I just wanna know if love wins before America loses

1 year ago
You.

You.

I have been waiting for you.

My fellow hellsite Gatsby enthusiasts, I present to you my first semester English final;

The Great Gatsby is one of the greatest examples of an unreliable narrator, and in consequence, has possibly the best grounds for a viable queer theory thanks to the deceptive Nick Carraway and his internalized fondness for Jay Gatsby. Nick is terribly dishonest to both the reader and himself at most turns. He paints himself in the best light he can, shields the reader's view from what he assumes is undesirable, but he’s admittedly horrible at it, slipping up frequently enough for it to be glaring. Nick and Gatsby’s bond is formed entirely on Gatsby’s lies and later honesty, and cannot go beyond that both due to Gatsby’s death and Nick’s own restraint on his emotions and passions. Nick comments on how he is “... slow-thinking and full of interior rules that act as brakes on my desires…” (Fitzgerald 64), and that kind of restraint is found often in queer people, and would be especially applicable in the American 1920s. His biased adoration and blind devotion to Gatsby is even mentioned at the very beginning, “Only Gatsby, the man who gives his name to this book, was exempt from my reaction” (Fitzgerald 2). Nick lying to the reader can also be him lying to himself, trying to convince himself that his affection for Gatsby was sheerly platonic, and the constant refute― and accidental disproving― that Gatsby is the only exception to his “strict moral code” comes across as violently self-preserving. This preservation is highly suspect in most scenarios, however if Nick is to be interpreted as queer, this becomes not just understandable, but entirely necessary.
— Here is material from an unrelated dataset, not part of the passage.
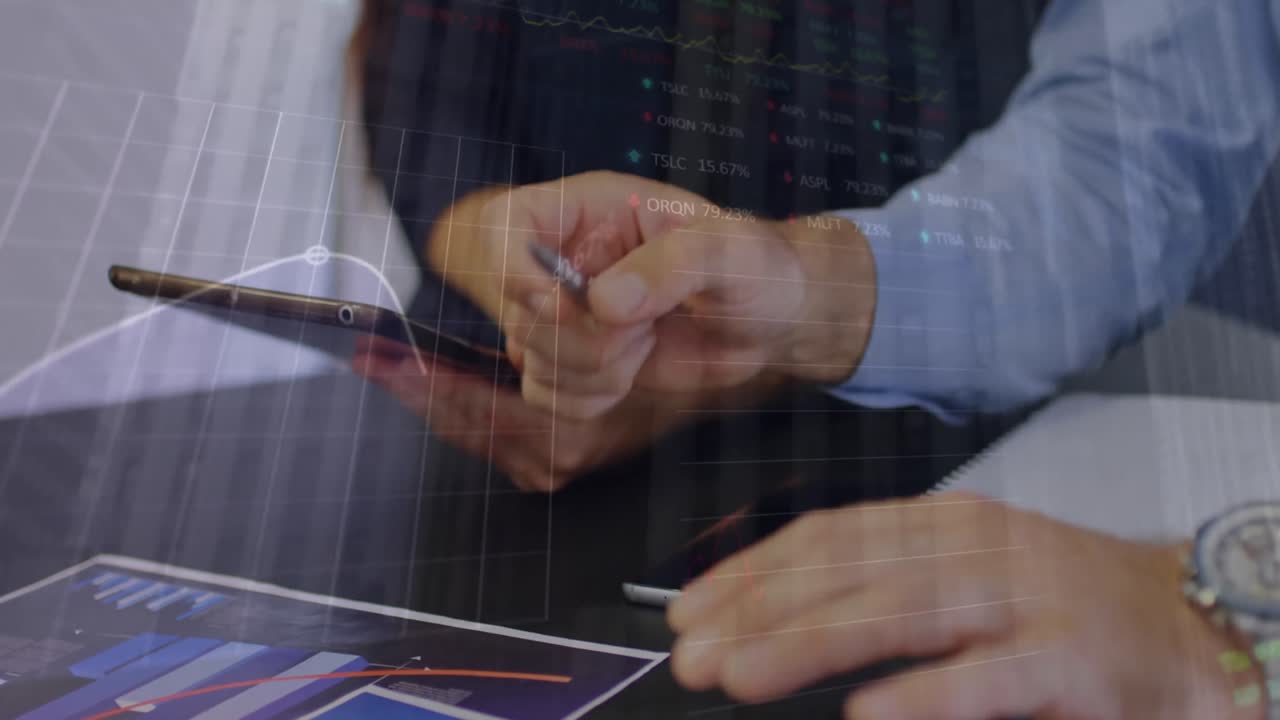 animación de gráficos y tableros de negociación, compañeros de trabajo caucásicos discutiendo informes en tableta digital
Nick Carraway's utter fascination― leaning heavily into infatuation― with Gatsby forms despite being aware of Gatsby’s lies. He meets Gatsby after being fed various outlandish rumors by various party guests, going on to describe his smile as “...one of those rare smiles with a quality of eternal reassurance in it, that you may come across four or five times in life. It faced―  or seemed to face―  the whole external world for an instant and then concentrated on you with an irresistible prejudice in your favor. It understood you just so far as you wanted to be understood, believed in you as you would like to believe in yourself and assured you that it had precisely the impression of you that, at your best, you hoped to convey” (Fitzgerald 48). Though Gatsby trusts Nick, even going as far as to entrust him with the story of James Gatz, he is chasing after the metaphorical ghost of Daisy Buchanan, going after her and away from Nick, who understands him, trusts him, and does not think less of him. Nick is aware of the immorality of everything that creates Gatsby, from the bootlegging, to reckless driving, to the affair with a married woman, and trying to convince said married woman to run away from her husband and child with him. Nick is the only person in Gatsby's life aware of all of this, an active participant despite his insistence that he is unbiased. He claims desperately that he disapproves of Gatsby, but even is his attempts to hide his adoring bias, he describes Gatsby as having “something gorgeous about him” and “a romantic readiness such as I have never found in any other person and which it is not likely I shall ever find again” (Fitzgerald 4). Despite Gatsby’s admittedly horrible moral code, Nick says that “Gatsby turned out all right at the end…” (Fitzgerald 4), and even goes so far as to have his sole compliment to him be “They’re a rotten crowd… You’re worth the whole damn bunch put together” (Fitzgerald 154). Nick doesn’t disapprove of Gatsby, he puts the man on a pedestal far above anyone else. 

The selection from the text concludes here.